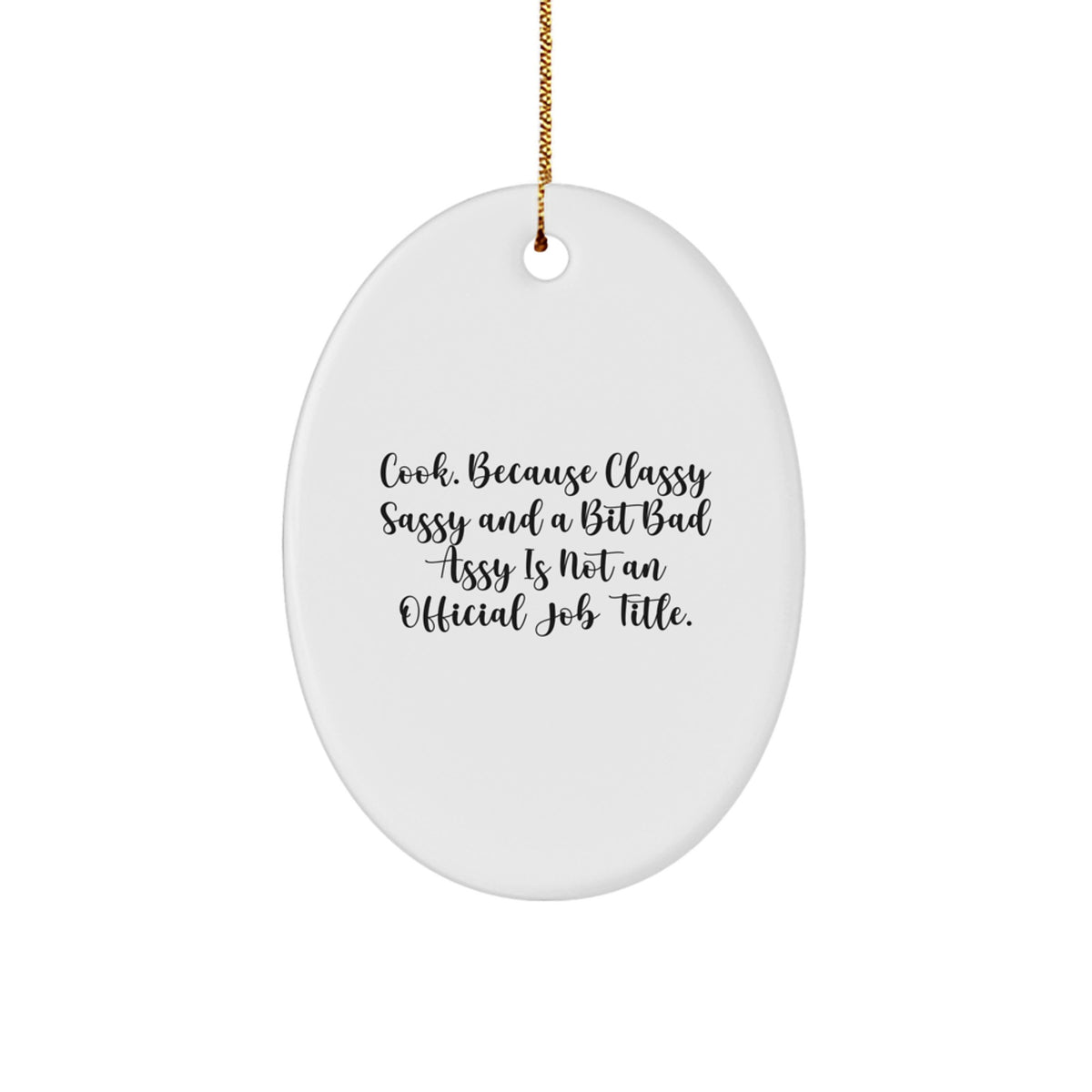 Family Treasure Christmas Ornament Gift for Cook Fans With Bold Sassy - Image 1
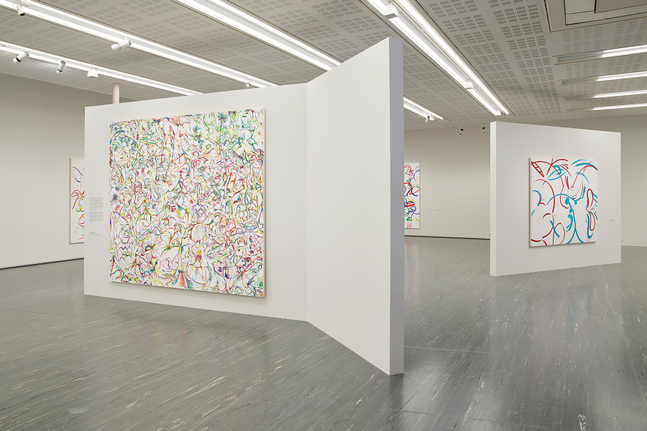 Installation view, Sue Williams, WHAT NOW, Belvedere 21, Vienna, 2026
Photo: Johannes Stoll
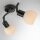 Spot de plafond verre métal 43 cm incl E14 5 W flexible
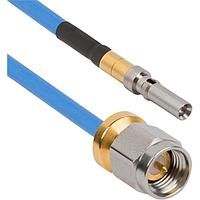 Amphenol SV Microwave MSLPSMA-085-MV67.3SMPS-180 ສາຍສັ້ນ RF SMA LowProfile M VITA 67.3 SMPS 18" Cable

□ □ □ □

**Your goal**
Return every line shown above without changing a word, and skip the pictures.

**Solution for this exercise**
 Family Treasure Christmas Ornament Gift for Cook Fans With Bold Sassy - Image 1
 Installation view, Sue Williams, WHAT NOW, Belvedere 21, Vienna, 2026
Photo: Johannes Stoll
 Spot de plafond verre métal 43 cm incl E14 5 W flexible
 Amphenol SV Microwave MSLPSMA-085-MV67.3SMPS-180 ສາຍສັ້ນ RF SMA LowProfile M VITA 67.3 SMPS 18" Cable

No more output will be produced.